▶ **Data to use**
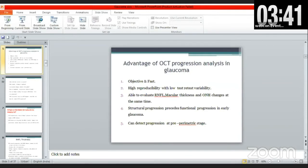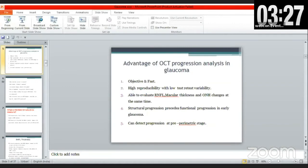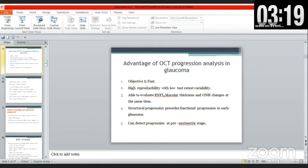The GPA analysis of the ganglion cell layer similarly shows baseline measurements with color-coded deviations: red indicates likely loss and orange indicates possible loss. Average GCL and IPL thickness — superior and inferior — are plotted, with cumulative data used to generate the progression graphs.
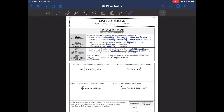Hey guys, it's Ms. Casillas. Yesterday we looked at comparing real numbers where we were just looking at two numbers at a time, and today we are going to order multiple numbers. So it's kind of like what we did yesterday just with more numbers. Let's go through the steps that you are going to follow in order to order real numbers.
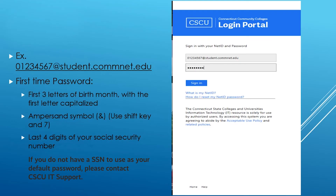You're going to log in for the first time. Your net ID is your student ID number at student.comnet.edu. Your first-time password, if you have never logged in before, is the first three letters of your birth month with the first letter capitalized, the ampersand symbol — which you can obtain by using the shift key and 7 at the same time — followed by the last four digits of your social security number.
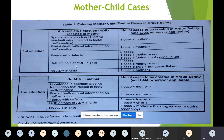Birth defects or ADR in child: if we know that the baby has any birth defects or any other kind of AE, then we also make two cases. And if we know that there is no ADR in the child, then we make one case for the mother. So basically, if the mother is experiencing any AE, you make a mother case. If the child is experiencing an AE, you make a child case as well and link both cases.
---
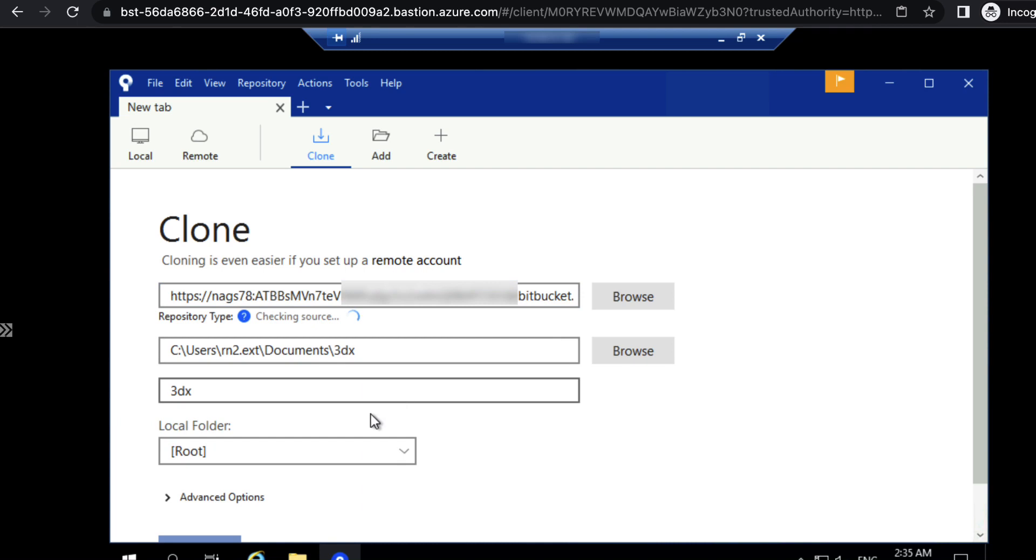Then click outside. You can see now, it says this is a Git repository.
* * *
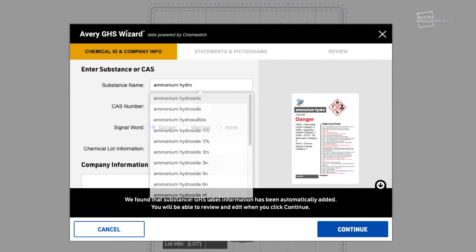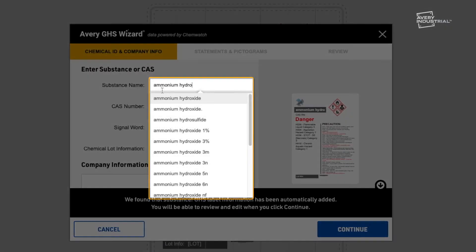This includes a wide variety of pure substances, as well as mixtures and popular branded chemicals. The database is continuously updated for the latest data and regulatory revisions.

▶ **Activity**
Among the entries above, find the line with "The GPA analysis" and repeat exactly from there through the line with "Hey guys, it's", leaving out the pictures.

▶ **Written solution**
The GPA analysis of the ganglion cell layer similarly shows baseline measurements with color-coded deviations: red indicates likely loss and orange indicates possible loss. Average GCL and IPL thickness — superior and inferior — are plotted, with cumulative data used to generate the progression graphs.
Hey guys, it's Ms. Casillas. Yesterday we looked at comparing real numbers where we were just looking at two numbers at a time, and today we are going to order multiple numbers. So it's kind of like what we did yesterday just with more numbers. Let's go through the steps that you are going to follow in order to order real numbers.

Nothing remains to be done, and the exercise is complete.